Additionally, there are books or articles that we could read that would help students understand the social construction of mathematics (hello anything on the controversy of the ABC conjecture and Mochizuki’s “proof”).
We could learn about the origin of ideas that seem to have existed forever or that we take for granted, but actually had to be developed (e.g. the idea of “0” or the controversy over calculus being on firm footing). And mind-blowing ideas like how all of mathematics almost fell down with the work of one mathematician, Godel. And we can learn about marginalized and overlooked people. There are some really great children’s books on mathematics, so we could read some of those as we begin the class! Maybe complement that with some excerpts from Douglas Hofstader’s Godel, Escher, Bach, a newspaper article about a modern mathematical breakthrough, some math poetry, a formal mathematical paper that has come out in the past 10 years and is hailed as one of the most important discoveries, and one more piece that’s maybe more traditional, so kids can see the wide variety of ways people write about mathematics.

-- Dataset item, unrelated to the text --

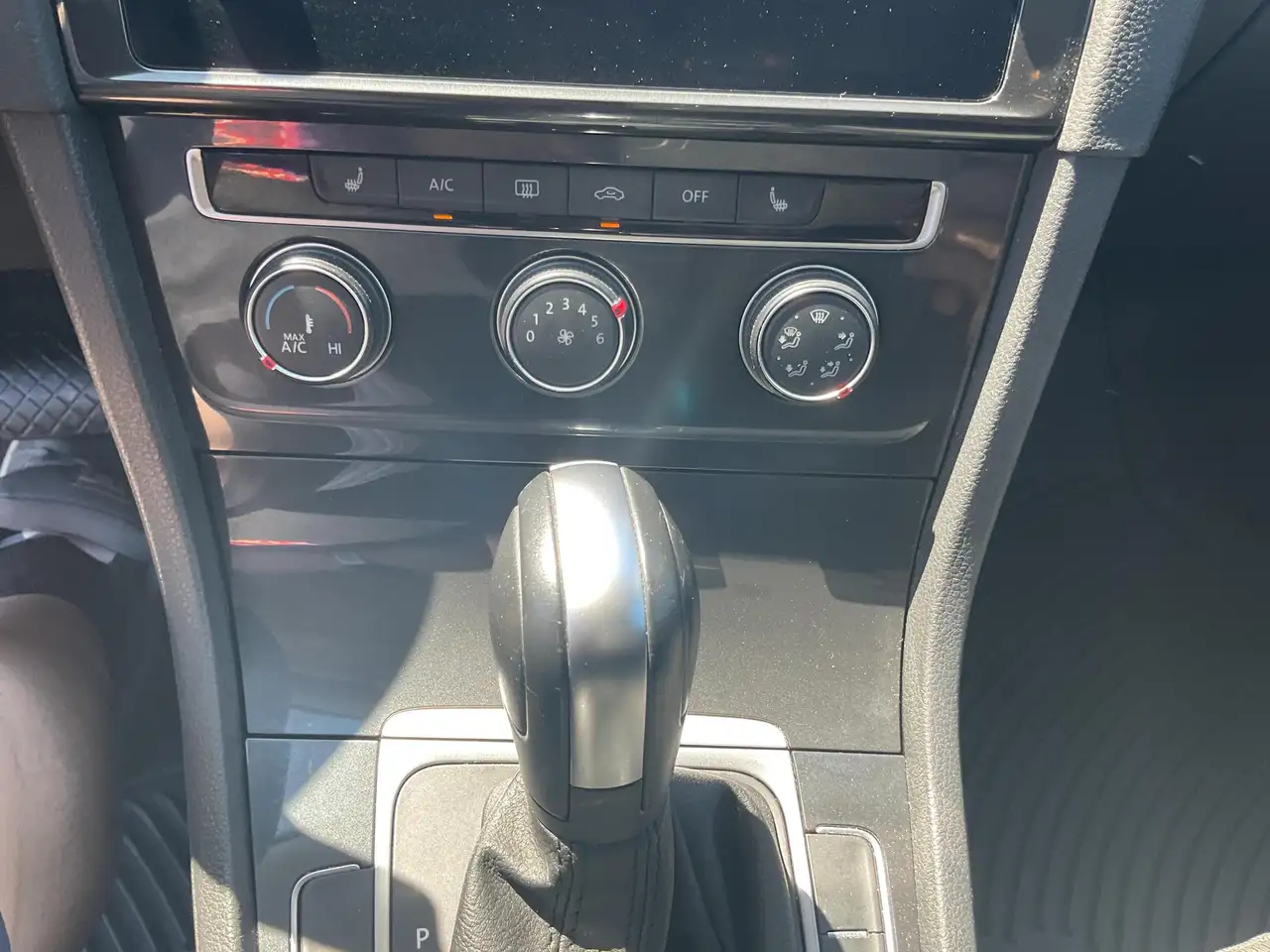 Volkswagen Golf photo Volkswagen Golf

And kids would think about how the writing that they’re reading is effective to reaching their intended audiences, or how it isn’t effective and what would make it better.
And kids could pick ideas or people to learn about, do their own research, and write their own popular mathematics writing. We can workshop it and publish a little journal at the end of class with our pieces.

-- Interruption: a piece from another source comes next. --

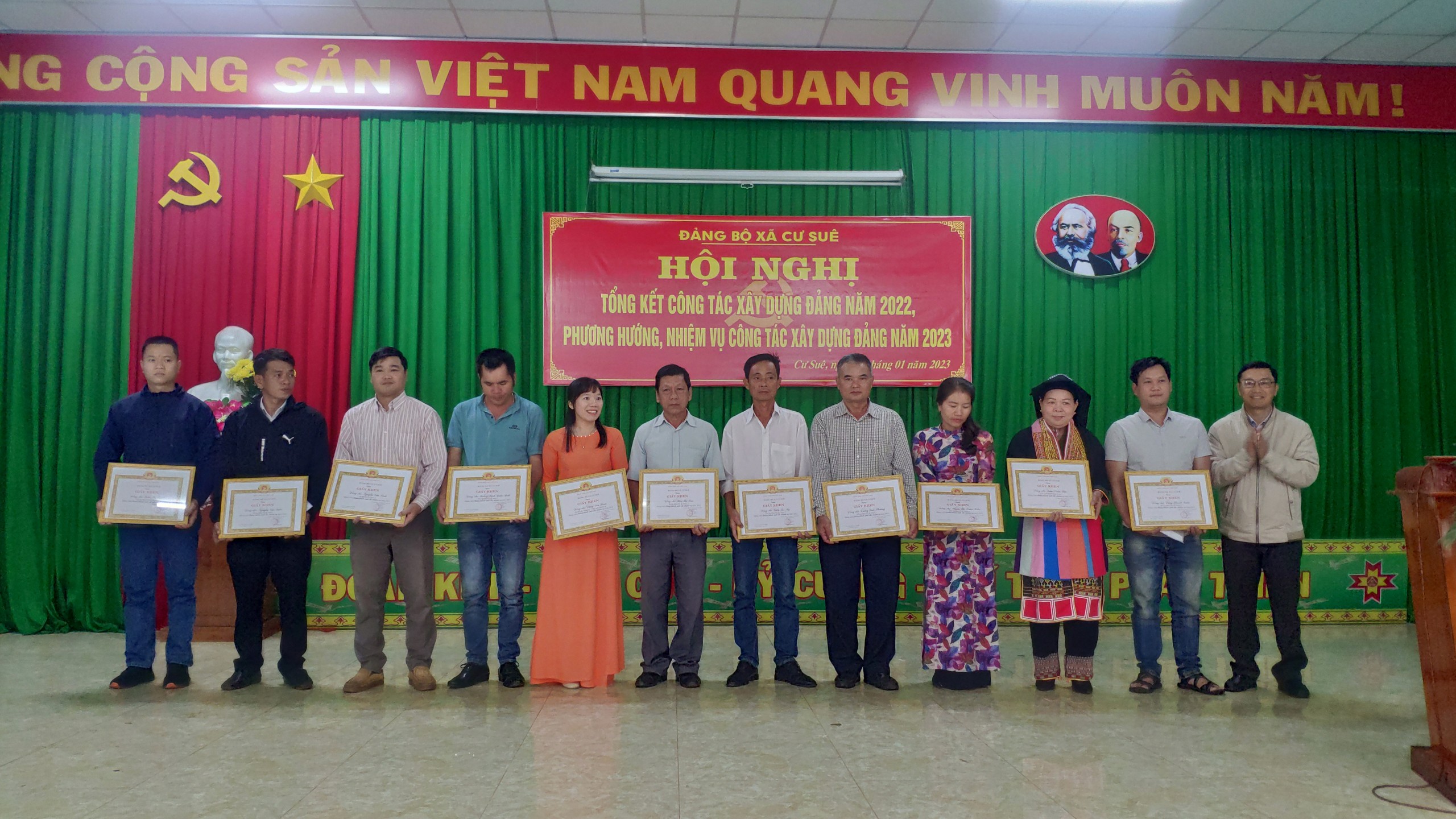Tong ket dang bo cu sue 9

I could reach out to English teachers to learn how they facilitate conversations about books so that it doesn’t go stale (we aren’t doing the same thing every time we discuss some of the reading). I’m sure there are universities that offer similar classes, so I could see what else is out there. And I know MIT has a graduate program in science writing that I could draw ideas from.
Okay, I’m done brainstorming for now. I just wanted to get all these ideas out before I forget them. I might update this post with additional ideas as my mind percolates. As I said… most likely nothing will come of this. But I could see having a really fun summer trying to put this course together.

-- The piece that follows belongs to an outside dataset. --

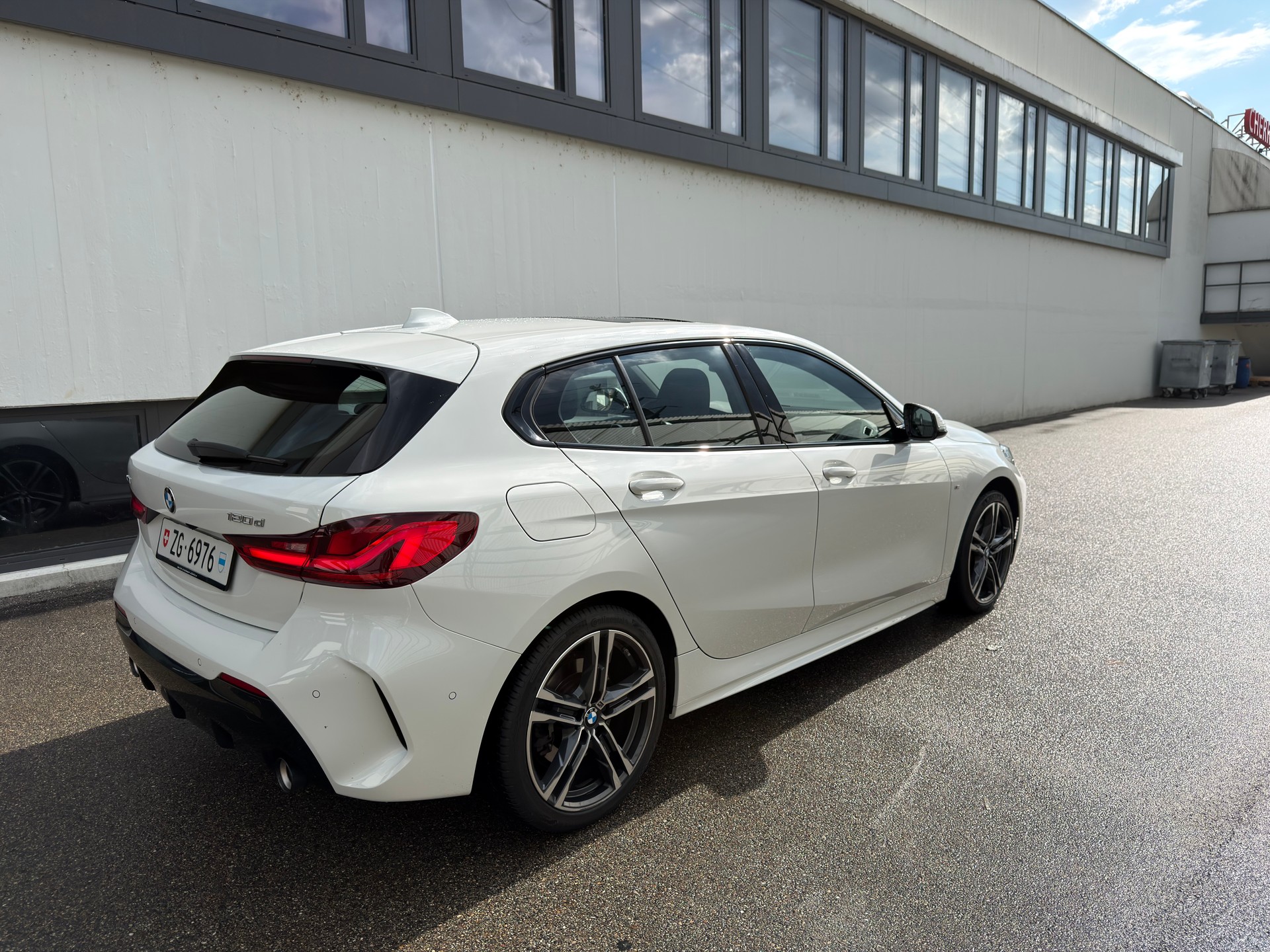 BMW 120d xDrive SAG M-Sportpaket-image-5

NOTE: The deadline has passed to propose this course for next year. But it would take me a long time to develop the course outline anyway, so I could try to design it this upcoming summer and submit it for the following year.
I’m not sure this is comprehensive, but this is a list of books I’ve worked with kids/faculty in various capacities on [but it is not all the popular math books I’ve read]
*=I’ve done this for a student (or student and faculty) book club
**=I’ve led/organized a book group with just teachers on this
***=I’ve had students individually read this (to discuss with me in an independent study or for a math project)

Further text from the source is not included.